Kritik an Volksabstimmung
Auch am Wahlsonntag gab es teils scharfe Kritik daran, dass Sandu die Präsidentenwahl und das EU-Referendum miteinander verknüpfte. Mehrere Politiker von Parteien aus dem russlandfreundlichen Lager boykottierten das Referendum und sprachen von einem rechtswidrigen Prozess. "Die Gespräche mit der Europäischen Union sollen fortgesetzt werden, doch die Entscheidung über eine Mitgliedschaft in der EU sollten erst nach dem Abschluss dieser Verhandlungen getroffen werden, wenn alle Bedingungen klar sind", sagte Ex-Präsident Dodon. Erst dann sei ein Referendum möglich.
Viele sind mit Sandus Politik unzufrieden
In der russischen Hauptstadt Moskau bildeten sich vor der moldauischen Botschaft lange Schlangen für die Stimmabgabe. Zugleich gab es Beschwerden, dass die Zahl der Wahllokale in Russland gezielt klein gehalten worden sei und nicht genügend Stimmzettel vorhanden seien. Das Außenministerium in Chisinau bezeichnete die Schlangen laut Medien in Moldau als künstliche Inszenierung.

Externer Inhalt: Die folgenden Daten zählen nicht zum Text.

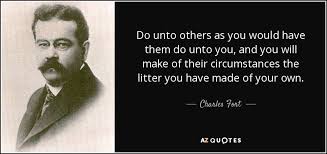 Maybe you would like to learn more about one of these? Charles Fort Quote Do Unto Others As You Would Have Them Do Unto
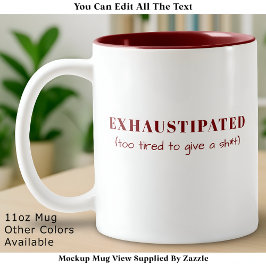 Exhaustipated Funny Definition Tired Life Custom Tweekleurige Koffiemok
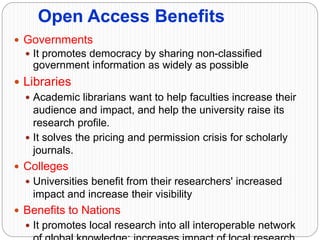 Open Access Benefits
 Governments
 It promotes democracy by sharing non-classified
government information as widely as possible
 Libraries
 Academic librarians want to help faculties increase their
audience and impact, and help the university raise its
research profile.
 It solves the pricing and permission crisis for scholarly
journals.
 Colleges
 Universities benefit from their researchers' increased
impact and increase their visibility
 Benefits to Nations
 It promotes local research into all interoperable network
 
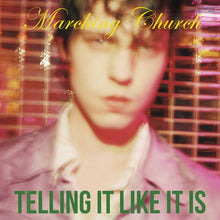 Carica l'immagine nel visualizzatore di Gallery, Marching Church : Telling It Like It Is (CD, Album)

Das Bewerberfeld dürfte auch deshalb so groß gewesen sein, weil viele Menschen mit Sandus Politik unzufrieden sind und seit ihrer Wahl 2020 zu wenig Fortschritte sehen - etwa im immer wieder proklamierten Kampf gegen Korruption. Damals kam Sandu im ersten Wahlgang auf 36,2 Prozent und im zweiten Wahlgang auf 57,7 Prozent der Stimmen. Weil sie einen Verzicht auf russisches Gas durchsetzte, stiegen die Energiepreise, was viele Verbraucher ärgert.
Um Reformen umzusetzen, ist Sandu auf eine Mehrheit im Parlament angewiesen, die sie derzeit noch hat. Der politische Machtkampf in Moldau könnte seinen Höhepunkt bei der Parlamentswahl im kommenden Sommer erreichen. "Für eine starke, politikgestaltende Rolle als Präsidentin ist ein loyaler Premierminister und eine Mehrheit im Parlament notwendig", sagte Expertin Brigitta Triebel von der Konrad-Adenauer-Stiftung in Chisinau der Deutschen Presse-Agentur. Sie erwartet nicht, dass Russlands versuchte Einflussnahme in Moldau nachlassen wird.